Nordland - Norway

Hiking in Norway - Hommelstø skyline

  • Text/photos:
  • Published:
The mountain range. From the left: Råkfjellet - Råkhatten - Engelviktinden and Dalaunfjellet
  • The mountain range. From the left: Råkfjellet - Råkhatten - Engelviktinden and Dalaunfjellet
  • Looking back towards the dam at lake Svartvatnet
  • Pothole
  • The lake Storvatnet (Langvatnet) follows us along much of the trip
  • From Dalaunfjellet with Breivasstinden in the background. (Photo: Rune Nepås)
  • The mountains Visttindene
  • Looking back towards Øyrtinden
  • Hommelstø, where we began
  • From the top of Dalaunfjellet, Vega in the background
  • Langfjord
  • Nice terrain, in the background lake Sausvatnet and the mountains Kvennhatten, Tuvfjellet and Harangsfjellet
  • Climbing the last part of Engelviktinden
  • At the summit of Engelviktinden. (Photo: Siri Nepås)
  • Looking back towards Storvatnet (Langvatnet)
  • A short rest
  • Further up to Råkfjellet
  • Down a small glacier at Råkfjellet
  • Views towards Velfjorden from Råkfjellet
  • Descent to Råken along the ridge in the middle of the photo. Worse than it looks.
  • Back in Hommelstø



Time spent: 8 hours
Start: Langfjord
Dalaunfjellet: 800 m
Engelviktinden: 849 m
Råkfjellet: 884 m
Stop: Råken

Helicopter over the area Road description

Hommelstø Skyline

We had thought about it for a long time to walk across the mountain range that forms the "Hommelstø skyline" to the north-east, which consists of Dalaunfjellet (800 m), Engelviktinden (849 m.) and Råkfjellet (884 m). After a cold and rainy summer, we were handed 20 warm degrees and sunshine from a cloudless sky. We decided to take the tour. We were 4 people: 3 adults and one 11-year-old.

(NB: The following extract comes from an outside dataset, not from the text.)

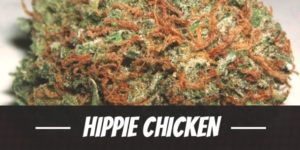 Hippie Chicken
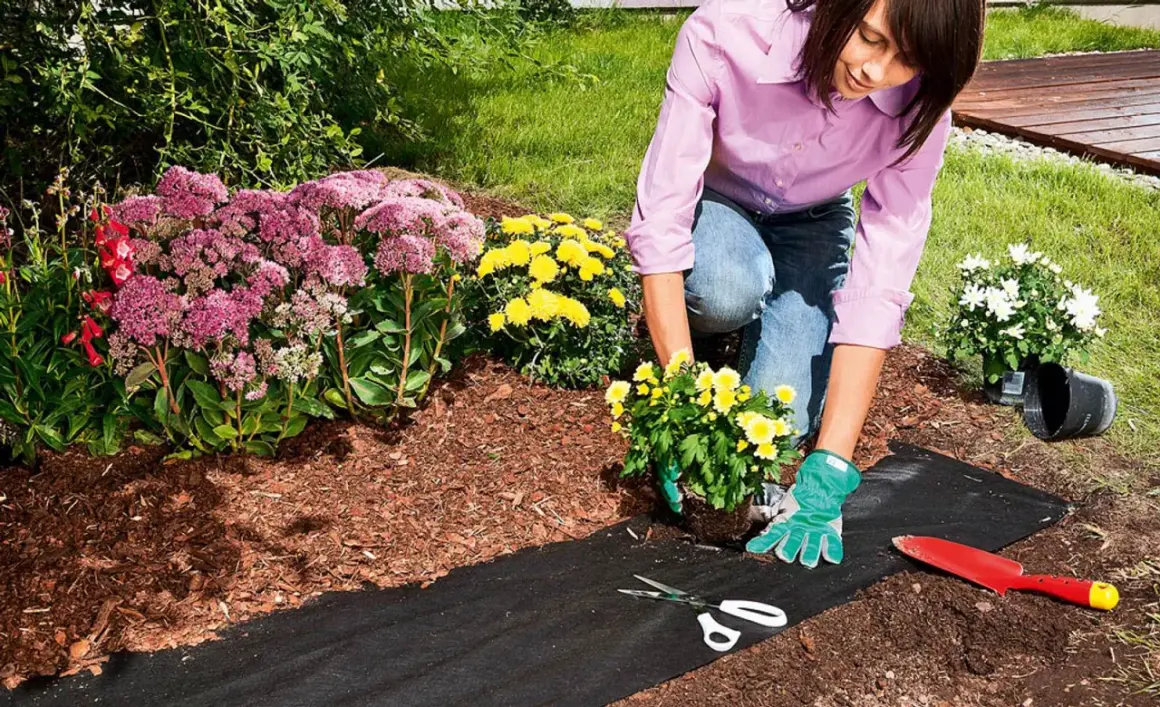 Frau befestigt Unkrautvlies im Garten, um neue Blumen zu pflanzen. Werkzeuge wie Schere und Spaten liegen bereit.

From Hommelstø it's about 13 km. to Langfjord Power Station, where the walk started. Before you reach the mountains it's pretty heavy climb up from the power station to the dam at the lake Svartvatnet. The power company has made a way up there, but it is not exactly designed for cars, hardly enough for tractors. This part is steep, and often wet and muddy. Up at the dam the terrain is much more easy to walk and after crossing the dry riverbed below the dam we began with the mountains.

With the mountain Øyrtinden towering behind us and scorching sun, we went up against Dalaunfjellet. The first peak of Dalaunfjellet is not visible from Hommelstø, and we didn't go up there, but walked this stretch straight forward to the first "real" top ", which is 790 meters high. From here, we can see the inner parts of Velfjord and the Vega Archipalago World Heritage out in the ocean. (At this point the youngest participant was in doubt whether he would manage the entire trip .. something unfounded as it turned out, he was clearly the fittest of us.) On Dalaunfjellet we also got a visit from a couple of eagles circling above us. We also saw grouse during the trip.

The final strech up to Engelviktinden is slightly steeper than the other peaks, but not in any way difficult, and although we gradually got better view of the Velfjorden as we went along Råkfjellet, Engelviktinden may be the highlight of the trip. Amazing view all the way.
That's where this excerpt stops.